Ma la natura a voluto aiutare questi "brutti anatroccoli", fornendoli
una muscolatura corporea molto sviluppata, (cosa rara tra i serpenti velenosi)
al pari dei serpenti costrittori, cosi quando mordono la preda, contemporaneamente
esercitano anche un azione costrittrice assai efficace. I generi opistoglifi
sono: Ahaetulla, Boiga, Cyclagras, Dispholidus, Heterodon, Macroprotodon,
Malpolon, Telescopus, Thelotornis, solo per citare i più noti.
PROTEROGLIFI
Qui siamo già ad un livello evolutivo superiore, in questo caso
i denti sono nella parte anteriore della mascella, a seconda dei generi
possono essere di due tipi, robusti e poco arcuati come nel caso dei cobra
oppure sottili e maggiormente ricurvi come nel caso dei mamba, questi
denti inoltre sono canicolati, e il veleno viene inoculato a pressione
nella preda, grazie alla muscolatura che al momento del morso comprime
con forza le ghiandole velenifere. Alcune specie appartenenti alla sottofamiglia
dei Bungarinae, sono dotati di un ulteriore sistema di difesa: sono in
grado di far schizzare il veleno con molta precisione fino a 3 m. di distanza,
questo è possibile grazie alla pressione esercitata dalla muscolatura
sulle ghiandole velenifere, e alla particolare conformazione dei denti
che presentano i fori di uscita non nella parte inferiore delle zanne,
ma anteriormente, nello specifico le specie "sputatrici" appartengono
al genere Naja, e Hemachatus. E' bene sottolineare che l'osso mascellarei
dei proteroglifi è fisso, non permette normalmente nessuna possibilità
di movimento anche se ci sono delle eccezioni, come i generi Acantophis,
Dendroaspis, e Oxyuranus, che possiedono una limitata capacità
di muovere l'osso mascellare, questo porta vantaggi al momento del morso
come vedremo più avanti. I serpenti proteroglifi sono quelli appartenenti
alle famiglie, Elapidae, Hydrophiidae. Questi serpenti durante la predazione,
possono sia trattenere la preda, per far entrare il veleno più
in profondità, sia morderla ripetutamente, e seguendola fino a
quando non muore a vista, e anche sfruttando la scia odorosa lasciata
da questa.
SOLENOGLIFI
Ed eccoci arrivati all'ultimo gradino, al meccanismo di inoculazione del
veleno più evoluto esistente tra gli ofidi, anche in questo caso
i denti sono posizionati nella parte anteriore della mascella, direttamente
fissati all'osso mascellare, quest'ultimo però ha la caratteristica
di poter ruotare fino a 90°. All'osso mascellare sono fissati 2 o
più paia di denti, il primo paio è quello usato dal serpente,
gli altri subentrano in caso vada perso per cause accidentali o naturali
una delle zanne, queste sono completamente canicolate, e possono raggiungere
dimensioni impressionanti, come ad esempio nel caso della Bitis gabonica
arrivano a misurare anche 5 cm. dimensioni di questo tipo sono raggiungibili
perché in fase di riposo i denti sono posizionati in posizione
orizzontale rispetto al palato, e protetti da una membrana carnosa.
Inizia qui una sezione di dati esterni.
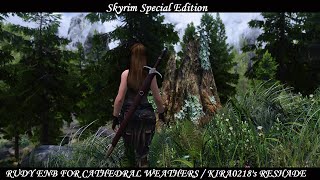 Skyrim SE  Rudy ENB For Cathedral Weathers  kira0218s ReShade With Ray Tracing GI Shader [upl. by Genesia335]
Mentre
al momento dell'attacco o della difesa, le zanne vengono erette in posizione
perpendicolare rispetto al palato, è facile capire che con questo
meccanismo l'efficacia del veleno è ottimizzata, visto che viene
iniettato come nel caso degli opistoglifici a pressione, ma a maggiore
profondità nella preda, che così muore in tempi brevi, da
pochi minuti a qualche istante dopo il morso. Questo permette al serpente
di avere un contatto minimo con la vittima, la velocità di un morso
è stimata a 1/40 di secondo, normalmente dopo il morso il serpente
lascia subito la preda, aspetta che muoia, ed inizia la ricerca sfruttando
la traccia odorosa, e aiutandosi con degli "sbadigli", che servono
per captare i segnali chimici emessi dall'azione del veleno, sembra che
anche per decifrare questi segnali chimici il serpente usi una parte specifica
dell'organo di Jacobson. Eccezione sono i solenoglifi arboricoli, che
non mollano mai la preda dal momento del morso al momento del suo completo
ingerimento, anche in questo caso comunque i rischi di venire danneggiati
sono minimi visto che si tratterò per lo più di sauri, anfibi,
e piccoli volatili.
Questo apparato velenifero è tipico della famiglia dei Viperidae,
che comprende i generi, Crotalus, Vipera, Echis, Daboia, Bothrops, Azemiops,
solo per citarne alcuni dei 34 conosciuti.